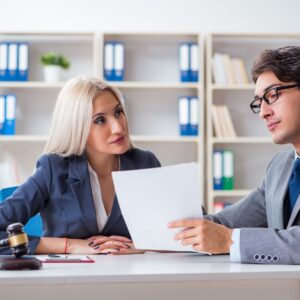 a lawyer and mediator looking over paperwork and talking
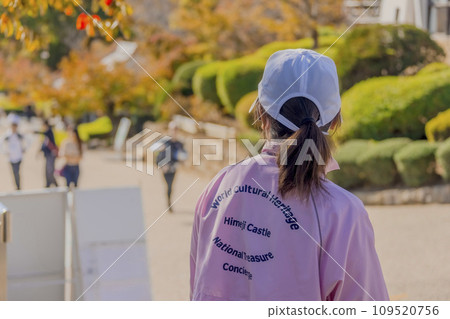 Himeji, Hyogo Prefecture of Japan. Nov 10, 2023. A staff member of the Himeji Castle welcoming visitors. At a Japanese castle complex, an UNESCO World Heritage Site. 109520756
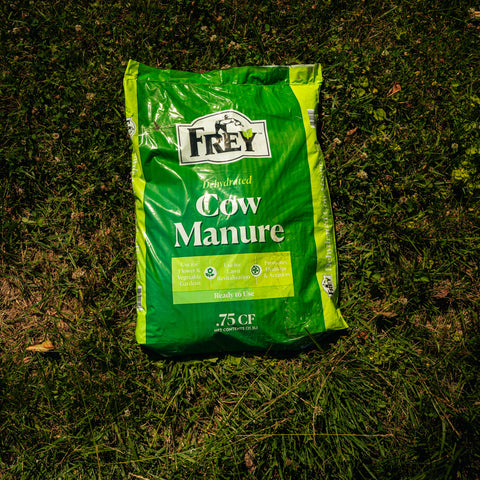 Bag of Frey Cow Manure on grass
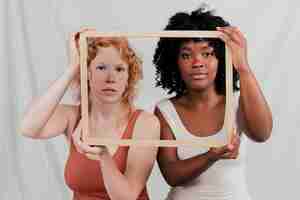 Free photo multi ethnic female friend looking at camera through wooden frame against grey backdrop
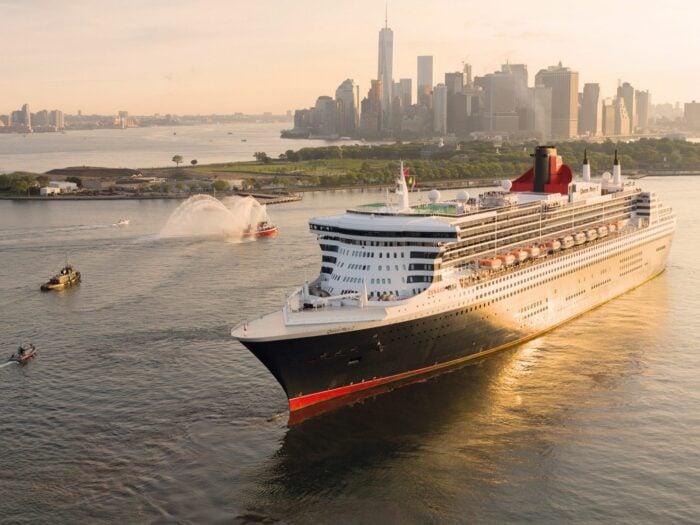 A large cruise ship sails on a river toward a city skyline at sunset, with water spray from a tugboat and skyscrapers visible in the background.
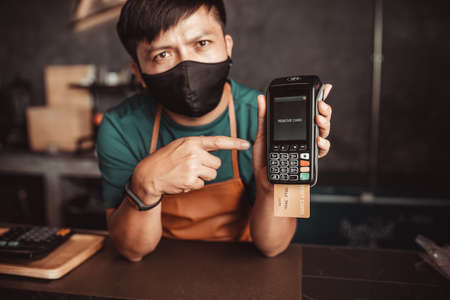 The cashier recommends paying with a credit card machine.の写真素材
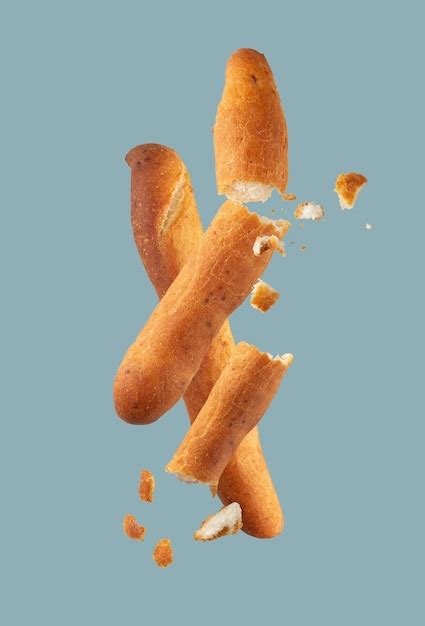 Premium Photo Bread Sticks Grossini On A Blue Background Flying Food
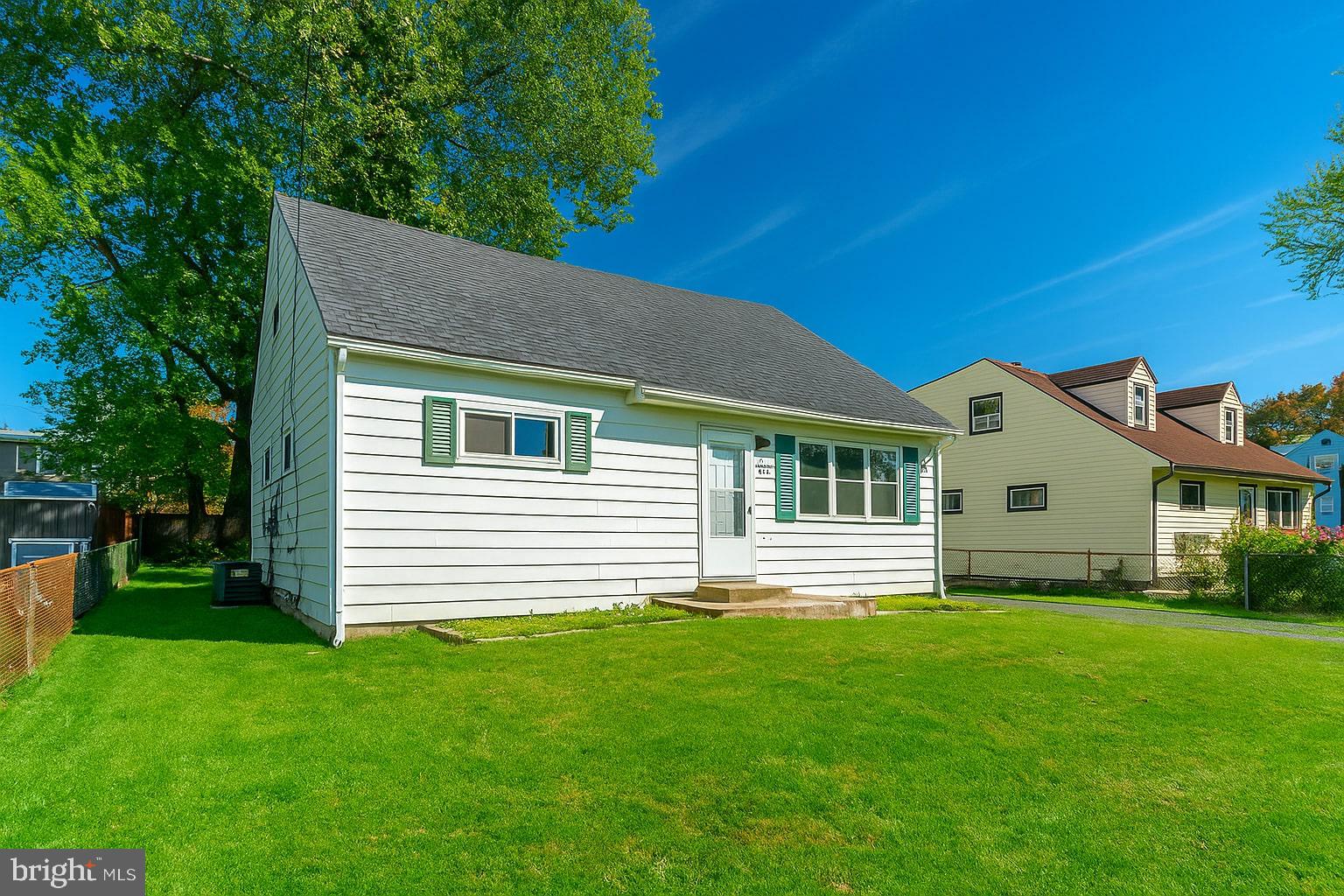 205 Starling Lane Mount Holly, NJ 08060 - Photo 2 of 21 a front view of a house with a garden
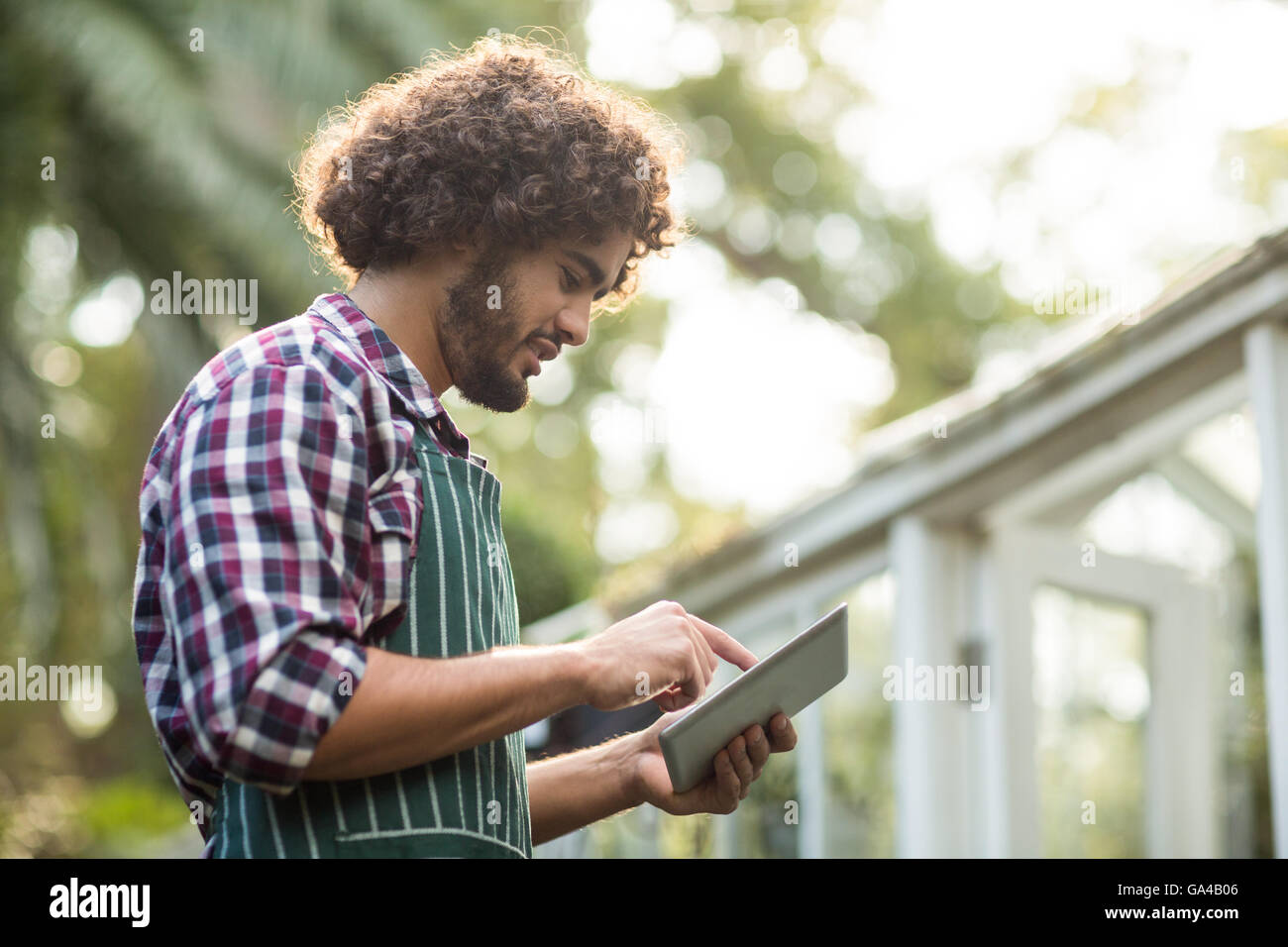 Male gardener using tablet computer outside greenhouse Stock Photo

* **Assigned task**: Word for word, repeat all of the entries above, leaving out the pictures.

* **Finished task**:
 a lawyer and mediator looking over paperwork and talking
 Himeji, Hyogo Prefecture of Japan. Nov 10, 2023. A staff member of the Himeji Castle welcoming visitors. At a Japanese castle complex, an UNESCO World Heritage Site. 109520756
 Bag of Frey Cow Manure on grass
 Free photo multi ethnic female friend looking at camera through wooden frame against grey backdrop
 A large cruise ship sails on a river toward a city skyline at sunset, with water spray from a tugboat and skyscrapers visible in the background.
 The cashier recommends paying with a credit card machine.の写真素材
 Premium Photo Bread Sticks Grossini On A Blue Background Flying Food
 205 Starling Lane Mount Holly, NJ 08060 - Photo 2 of 21 a front view of a house with a garden
 Male gardener using tablet computer outside greenhouse Stock Photo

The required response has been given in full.